• WHAT NEEDS TO BE DONE
Print, exactly and without pictures, the lines from the one where "Cartoon fireman carrying" appears down to the end of the entries.

[Records from a data collection]
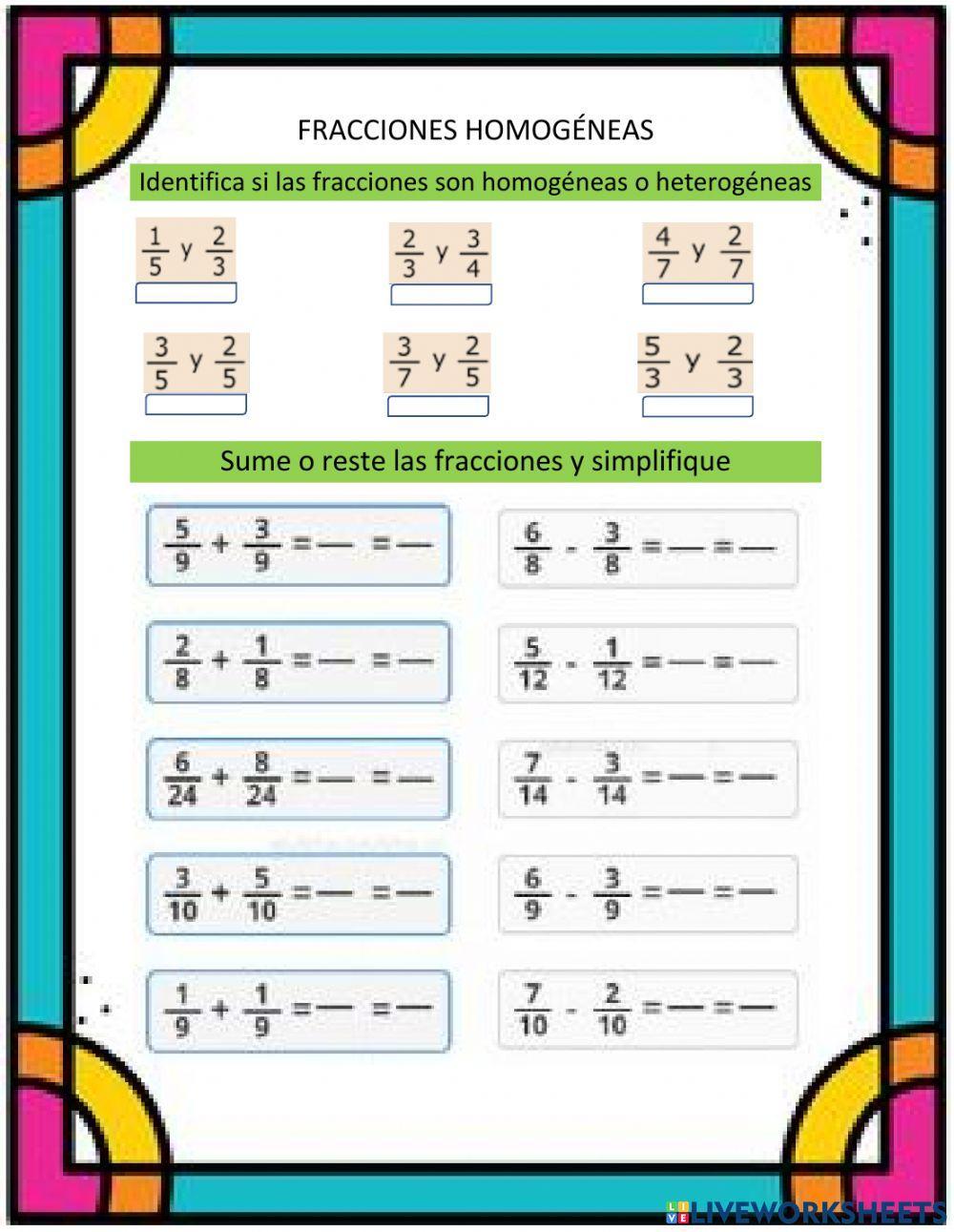 Fracciones homogéneas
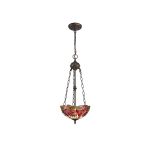 Girolamo 2 Light Uplighter Pendant E27 With 30cm Tiffany Shade, Purple/Pink/Crystal/Aged Antique Brass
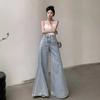 Hight Street Women's Jeans Fashion Kpop Cargo High Waist Wide Vintage Pant Jeans Women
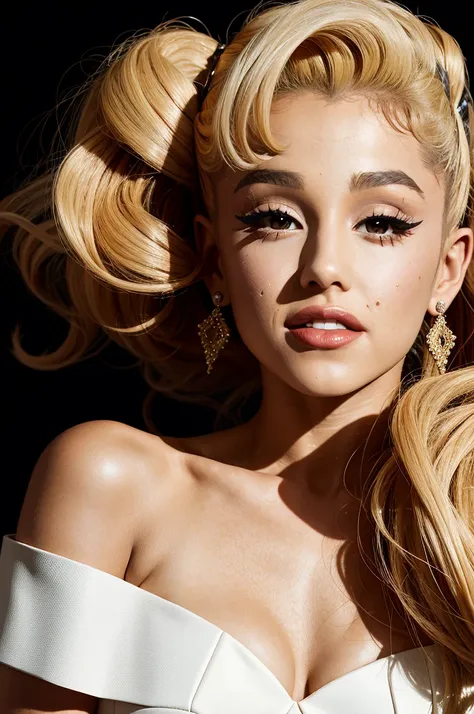 arianagrande, a woman (wearing marilyn monroe dress) posing for a picture, blonde hair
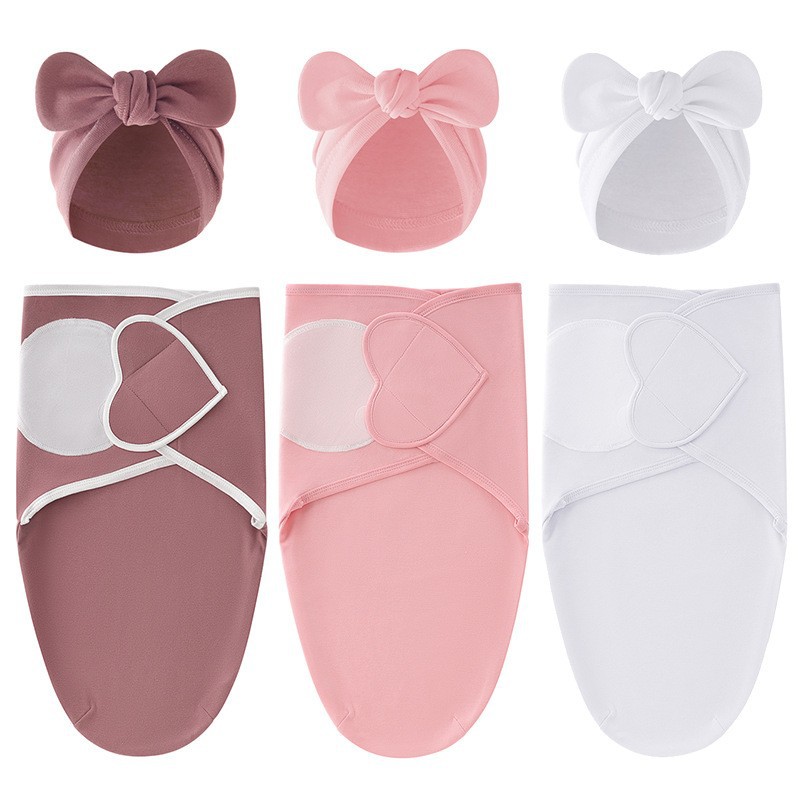 화이트+다크핑크+가죽핑크(3가지 조합 사랑모형 봄누에 침낭+모자)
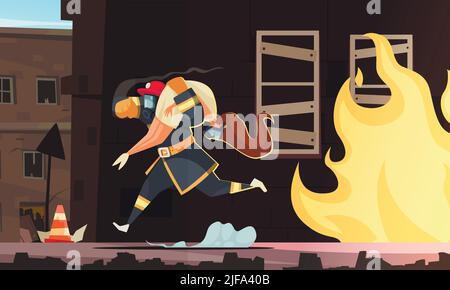 Cartoon fireman carrying woman in arms saving her from fire vector illustration Stock Vector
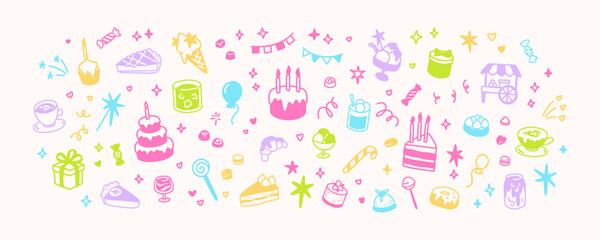 Colorful cute line doodle kids birthday background. Children celebration treats, cake with candles, donut, tea, cappuccino, candy cane. Fun confetti, bling, sparks, firework, star, twinkle scribbles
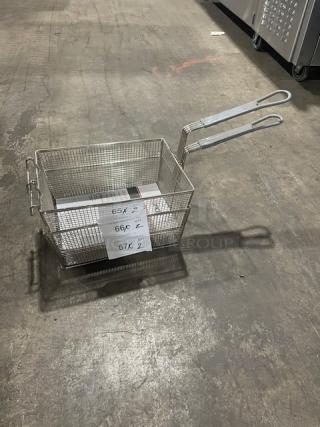 BRAND NEW Winco FB-35 commercial mesh fry basket, 6" deep, gray grip handle, pristine condition, labeled for easy identification.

• SOLUTION FOR THIS EXERCISE
 Cartoon fireman carrying woman in arms saving her from fire vector illustration Stock Vector
 Colorful cute line doodle kids birthday background. Children celebration treats, cake with candles, donut, tea, cappuccino, candy cane. Fun confetti, bling, sparks, firework, star, twinkle scribbles
 BRAND NEW Winco FB-35 commercial mesh fry basket, 6" deep, gray grip handle, pristine condition, labeled for easy identification.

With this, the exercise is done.